8.45
Petoskey Company produces three products: Alanson, Boyne, and Conway. A segmented income statement, with amounts given in thousands, follows:
Alanson | Boyne | Conway | Total | ||||||
Sales revenue | $1,280 | $185 | $300 | $1,765 | |||||
Less: Variable expenses | 1,115 | 45 | 240 | 1,400 | |||||
Contribution margin | $165 | $140 | $60 | $365 | |||||
Less direct fixed expenses: | |||||||||
50 | 15 | 10 | 75 | ||||||
Salaries | 95 | 85 | 76 | 256 | |||||
Segment margin | $20 | $40 | $(26) | $34 |
Direct fixed expenses consist of depreciation and plant supervisory salaries. All depreciation on the equipment is dedicated to the product lines. None of the equipment can be sold.
Assume that, each of the three products has a different supervisor whose position would be eliminated if the associated product were dropped.

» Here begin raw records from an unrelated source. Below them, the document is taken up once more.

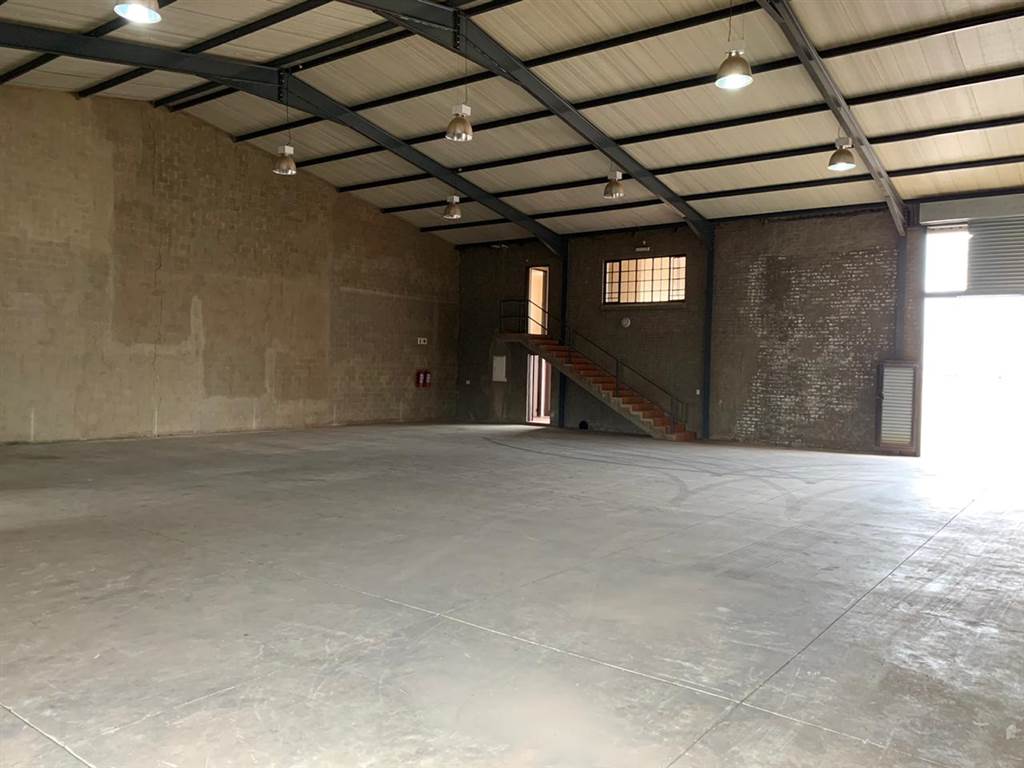 473  m² Industrial space in Rosslyn photo number 4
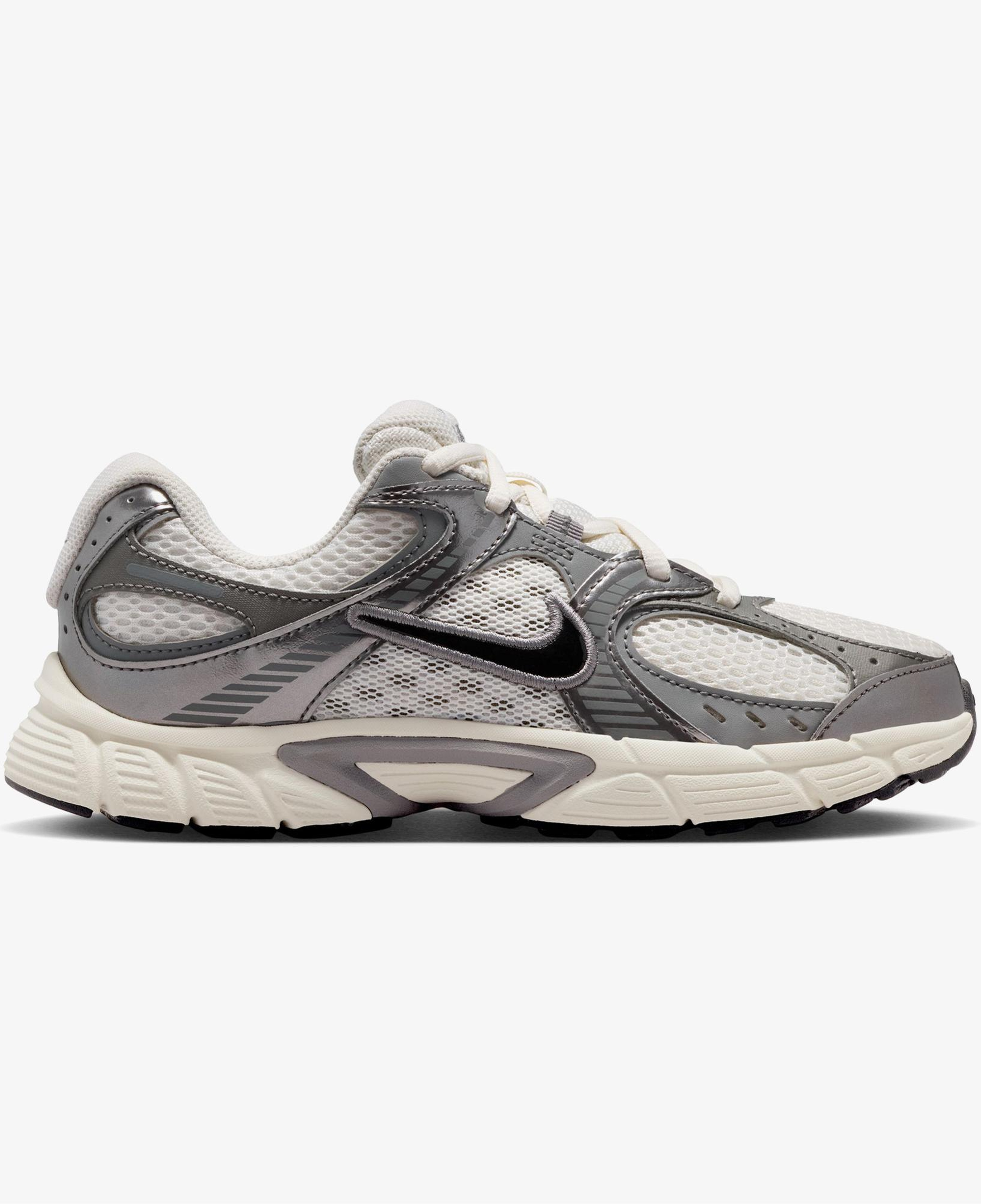 Nike V5 RNR Gri Spor Ayakkabı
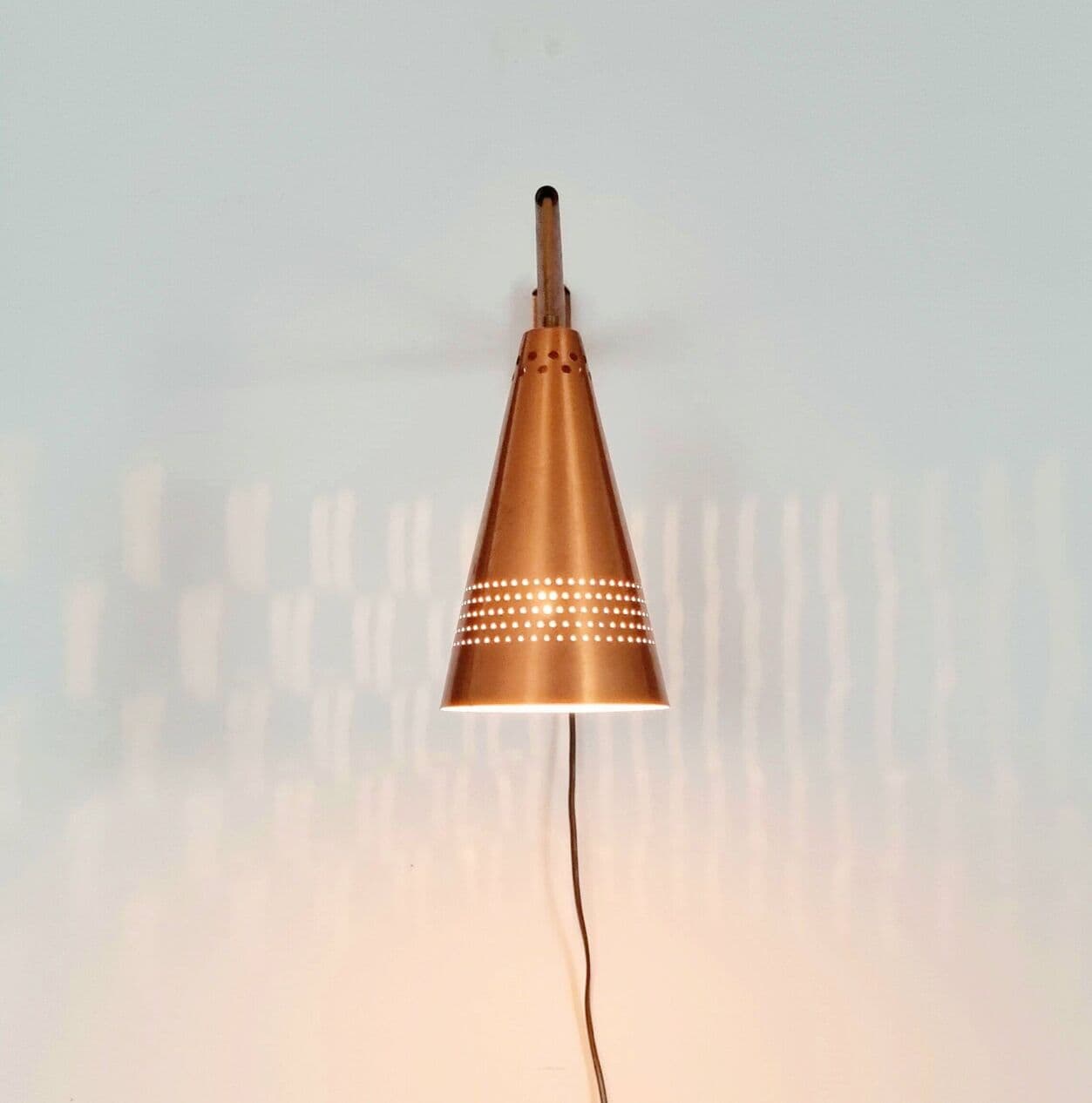 Lampa ścienna, miedź złota, teak brązowy, proj. H.-A. Jakobsson, Szwecja, lata 60. - 296332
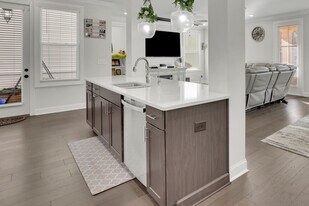1070 Poppy Pointe in Alpharetta, GA - Building Photo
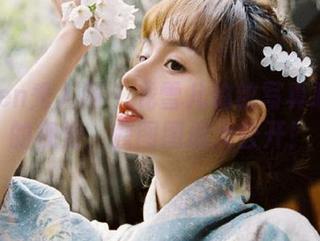 Xiuren秀人网 – 龙雪儿豹纹写真唤醒你的视觉，原图图册大公开！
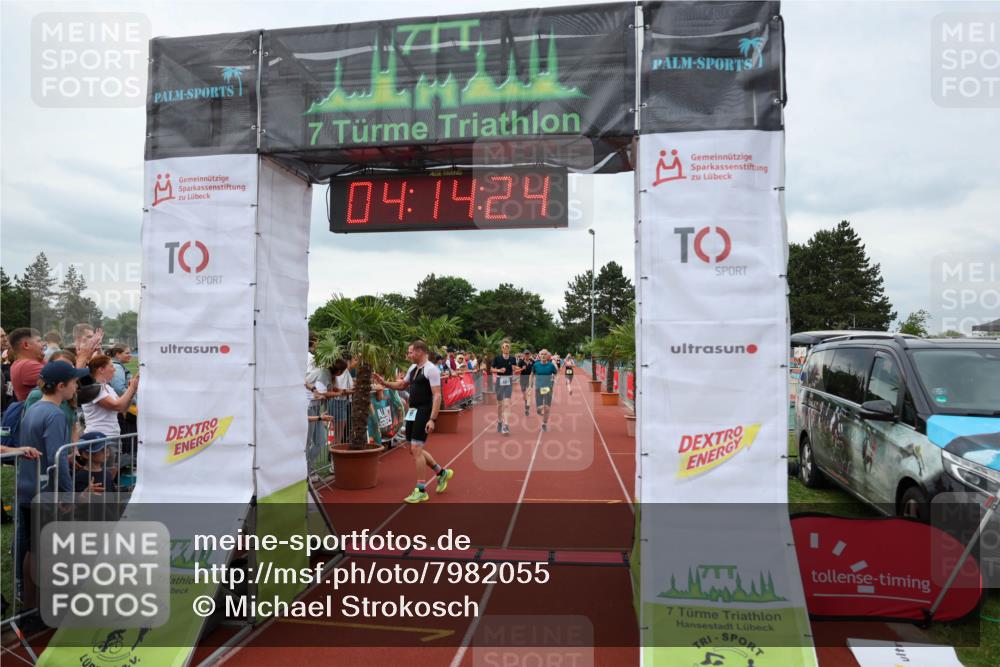 15.06.2025 - 7 Türme Triathlon Michael Strokosch http://msf.ph/oto/7982055 15.06.2025 14:14:24 Ziel 560, 656, 671, 758, 813, 957 meine-sportfotos.de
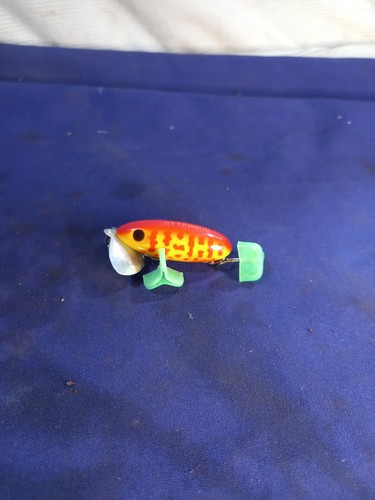 Jitterbug fishing lure - by, fred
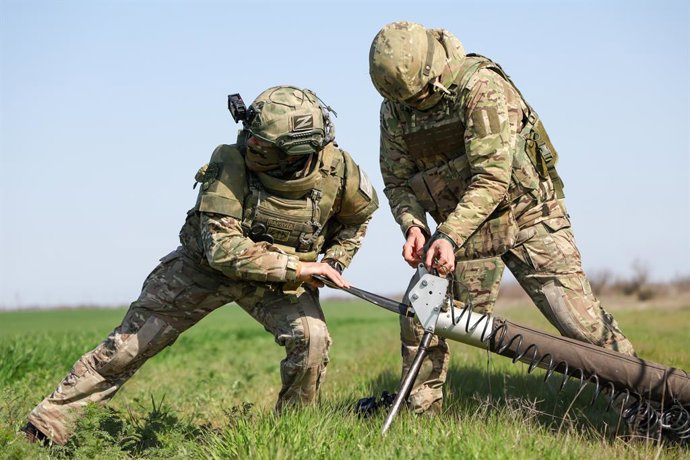RÚSSIA, REGIÃO DE KHERSON - 15 DE ABRIL DE 2026: Membros da tripulação se preparam para lançar um drone de reconhecimento SKAT 350M com o 18º Exército de Armas Combinadas, do Grupo de Forças Dnepr, durante a operação militar especial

Assume that 20% of the Alanson customers choose to buy from Petoskey because it offers a full range of products, including Conway. If Conway were no longer available from Petoskey, these customers would go elsewhere to purchase Alanson.
Required:
Conceptual Connection: Estimate the impact on profit that would result from dropping Conway. Enter amount in full, rather than in thousands. For example, "15000" rather than "15".
$
Should Petoskey keep or drop Conway?